Powerful growth drivers and high M&A capacity in the biopharma space
Novel treatment classifications in oncology, advancements in treating obesity and diabetes, and therapeutic innovations in cardiovascular care are creating additional market volume. Demand for bioprocessing solutions is growing, too, driven by onshoring activity and new production platforms. The biopharma industry is also sitting on a cash pile of more than USD 180 bn that it can spend on M&A to offset lost revenues in the wake of patent expirations or to close strategic gaps in R&D pipelines.

High growth rates in medical technology
Medtech remains a key growth driver, fueled by strong levels of demand in established market segments and the recent emergence of new billion-dollar markets. Robot-assisted surgical systems, glucose-monitoring devices, and structural heart disease treatments are areas that continue to show double-digit growth rates. At the same time, new technologies such as pulsed field ablation are making rapid clinical inroads, and AI smart glasses are gaining market share. At the end of 2025, large-cap medtech stocks were trading on a P/E of 18, which represents a discount of almost 20% versus the S&P 500.

Europe is on the cusp of a cyclical rebound

Europe’s economy has the wind at its back as it enters the new year. Macroeconomic indicators are showing signs of stabilizing, PMI readings have passed their trough, and the ECB is on a more accommodative path. On top of all that, government spending has become a force of its own: Germany has launched a EUR 500 bn infrastructure investment initiative and is committed to increasing its defense spending to 3.5% of GDP. At EU-wide level, another EUR 800 bn has been earmarked for modernization and security programs such as the Defence Readiness Roadmap 2030. Meanwhile, economists are forecasting a sharp upturn in economic activity. According to J.P. Morgan, Europe’s economy could be expanding at around 1% by mid-year 2026 and at an even faster clip of 2% by the end of 2026.

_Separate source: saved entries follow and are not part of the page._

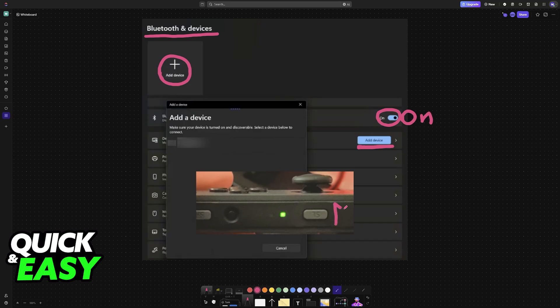Now to enable pairing mode on the Joy-Cons, if you look inside them over here, you will see the sync button. So press and hold the sync button for a few seconds.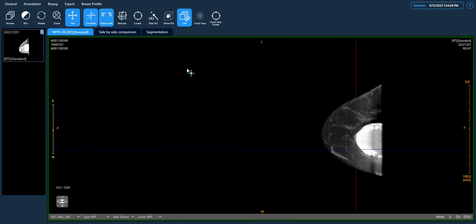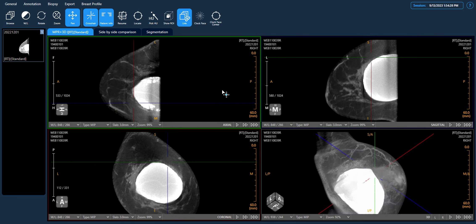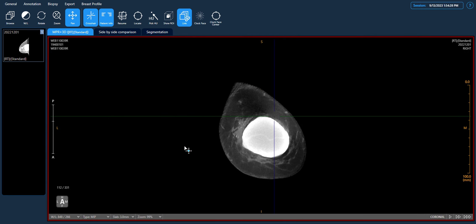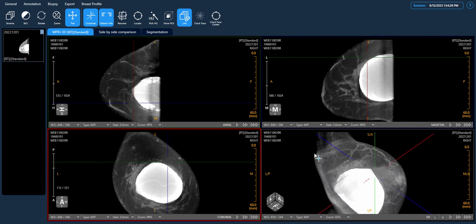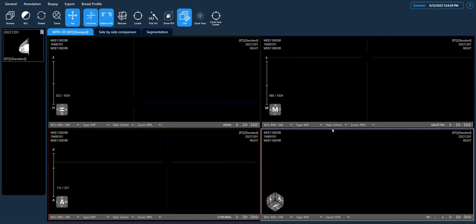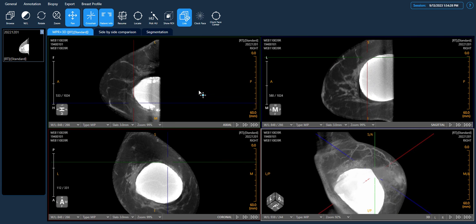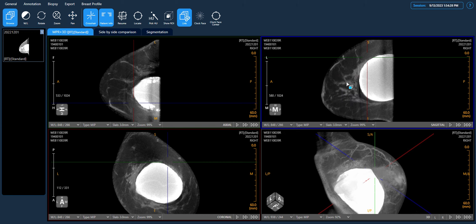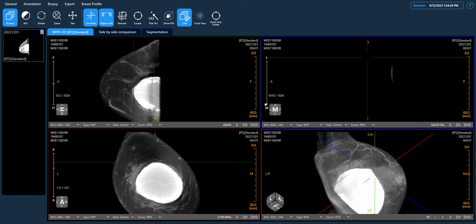We can double-click any plane to expand that view to full screen. We begin the image review by selecting a preferred view, for example the sagittal view. We can make necessary adjustments with the tools provided by the viewer, and use the Browse tool to start browsing from medial to lateral.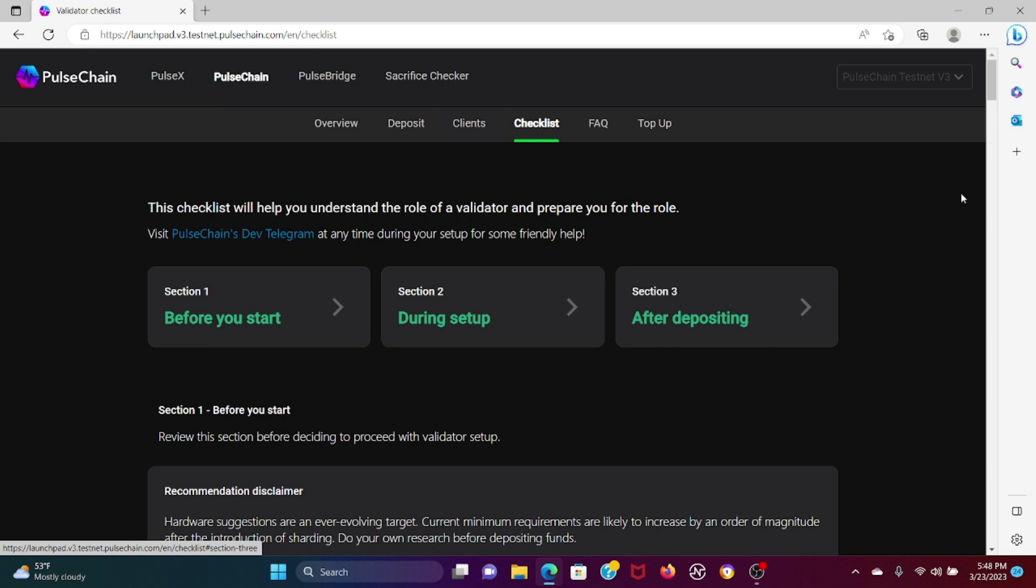Alright everybody, I'm going to show you today a very quick five minute video surrounding where you could figure out how to become a validator in a one-stop-shop website that actually shows you what you'll need, how to do it before you start, what you need during the setup, and after depositing.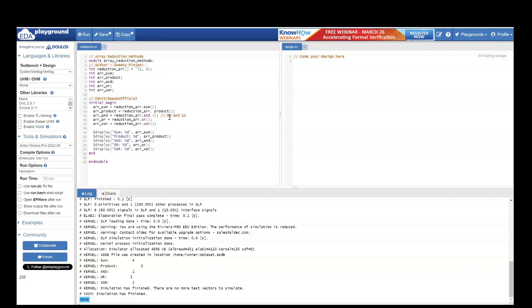So 1 and 1 if you do AND it will be 1, 0 and 1 if you do AND it will be 0. So the final output is 01 which is 1.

This situation is particularly relevant for European small- and mid-cap stocks. About 60% of their sales are generated within Europe. The past few years have been quite a challenge for SMEs: energy price shocks and a manufacturing recession, not to mention capital outflows of EUR 11.5 bn since 2021, all weighed heavily on the valuation of these stocks. Momentum is starting to shift in their favor though. Investment capital is flowing back into European small- and mid-cap stocks for the first time in years. At the same time, the EU is changing its strategic game plan. There is greater political will to create pan-European business champions. In the past, most M&A activity was confined to the national level – in the telecommunications, energy, banking, or utility sectors, for example. Looking ahead, cross-border consolidation is likely to gain momentum as Europe acknowledges the need for larger, more powerful corporate structures in order to hold its own in global competition with the US and China. Europe is thus entering a sweet spot marked by the convergence of an economic upturn, fiscal expansion, and deeper structural capital market integration.

Nevertheless, small- and mid-cap stocks are still facing an unusual valuation and market situation. In relative terms, European small-cap valuations have not been this low since 2008: with a forward P/E of 14.0x, European small caps are less expensive than European large caps (15.6x) and even more so compared to US small caps (18.6x). The relative valuation of small versus large caps is at a historic low of almost 0.9x.